Grief isn't an extra long goodbye. You can't grab that person and hold them one last time. You can't hear their laughter and see their smiles and listen to the sound of their voice as they tell you goodbye and that they love you. Grief is a grasping at memories. A grasping at, not a grabbing hold of. A hand, two hands, grasping at the past and only coming up with sorrow and emptiness and loneliness.

Grief is wondering if it's worth it. If this whole going-all-in and loving with everything you have no matter the time limitations is worth it. It's wondering if the pain is worth it. The pain of grief.

Grief is painful. And slow. And difficult. Does it sound like I'm describing torture?

Grief is to be felt. The only way out is through.

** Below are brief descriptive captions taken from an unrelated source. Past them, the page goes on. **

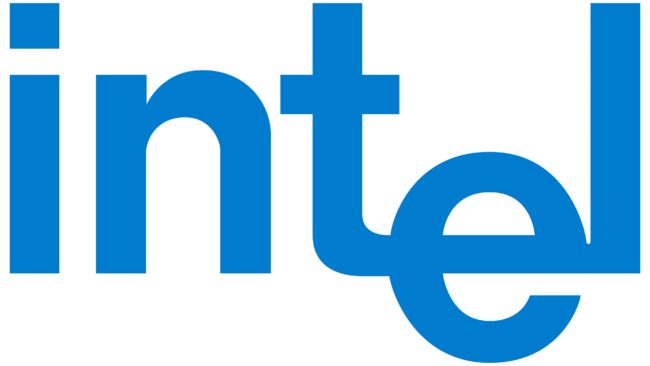Intel Logotipo 1968-2006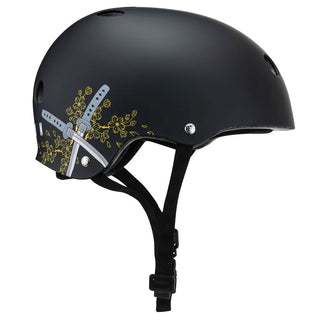 Triple 8 Skateboard Helmet Certified Sweatsaver Sky Brown Size XS/S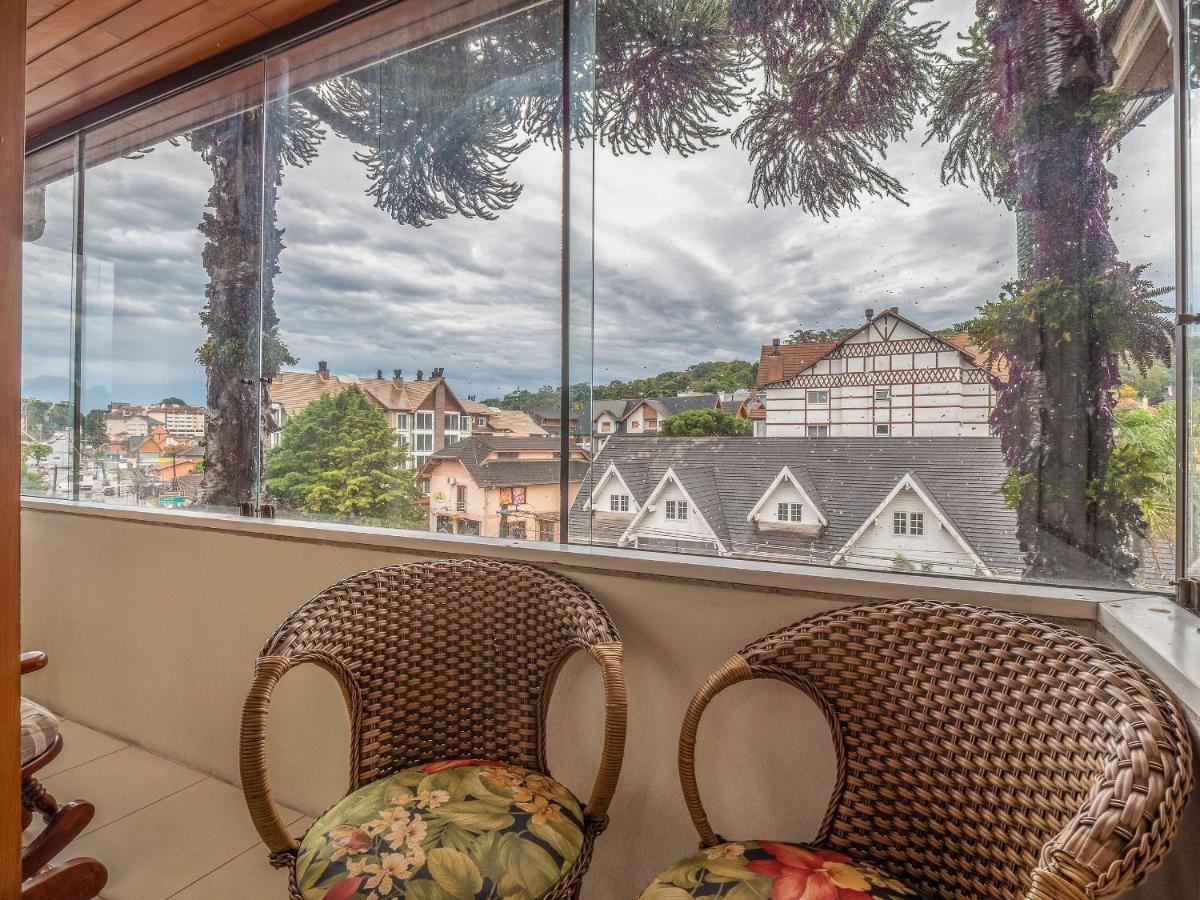 Dom Carletto 406 - Centro De Gramado 4 Dormitorios Zewnętrze zdjęcie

On the other side, I know I'll say:

Grief is temporary.

Grief is healing.

Grief is necessary.

Grief is valuable.

Grief is humbling.

Grief is a process.

At the moment, I think it's a terrible one. One day, when the tears pass and the pain is all felt out, maybe then I'll see the rainbow. Maybe I'll see the clouds as white and not as dark storm-bearers.

But for now, I'll grieve. I'll kick and scream inside my head, and I'll cry until I'm dehydrated. I'll weep until my whole body shakes. I won't push it down; I'll feel it.

The only way out is through.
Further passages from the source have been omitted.